With the 25th May deadline for the General Data Protection Regulations (GDPR) fast approaching, demand for contracting IT professionals offering big data know-how has skyrocketed, soaring by 128% in the 12 months between Q1 2017 and Q1 2018, a new report reveals.
The latest Tech Cities Job Watch study from IT professional resourcing giant, Experis, also reveals a simultaneous 68% rise in demand for candidates with the same skills in the permanent IT jobs market. Overall, demand for big data specialists surged year-on-year by 78%.
The figures reveal an acceleration of a trend toward big data skills which began in 2017. The specific qualifications and skills that proved most sought-after included AWS, Cloudera, Hadoop, Hive, Java, MongoDB, Python and Spark.

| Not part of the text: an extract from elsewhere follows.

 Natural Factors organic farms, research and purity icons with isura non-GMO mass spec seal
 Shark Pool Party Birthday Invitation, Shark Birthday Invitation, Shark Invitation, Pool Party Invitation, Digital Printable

Also rising vigorously in the demand league table were hybrid roles for candidates who possess wider IT knowledge rather than specific specialist skills.
The quarterly report monitors pay rates and salaries in IT jobs advertised across 10 British cities in five tech disciplines: cloud, IT security, big data, mobile and web development.
Experis UK & Ireland’s Director of Specialist Markets, Martin Ewings, underlined the influence of new regulatory hurdles in 2018, in particular the imminent arrival of GDPR. These were combining with growing interest in the Internet of Things. Between them, they were, he said, piling pressure on companies to improve the management, processing, security and competitive advantage of the data they possess.
“The power of that information is highly prized by organisations and they are eager to acquire the right skills, without necessarily fully comprehending precisely which skills are needed. For example, a data engineer or data architect might be more useful if the organisation has poor data infrastructures, instead of a data scientist to analyse the data.”
Big data roles continue to be the most highly prized, ahead of the other four specialisms monitored. Contracting big data specialists can command a day rate of £504, while their permanent counterparts command the highest average advertised salary: a princely £64,464.
Remuneration for big data specialists has, however, plateaued over the last few months, with permanent salaries climbing by just 0.1% in the last year (the smallest increase in any of the five specialisms monitored), while contractor day rates actually slipped by 5% over the same period.
Ewings explained that the data does not necessarily suggest that IT salaries have hit a ceiling but instead reflect a rebalancing of the market. Candidates have seen the high earnings available in big data roles and have been upskilling themselves with the qualifications needed for them, resulting in supply starting to meet demand and a natural stagnation in pay increases.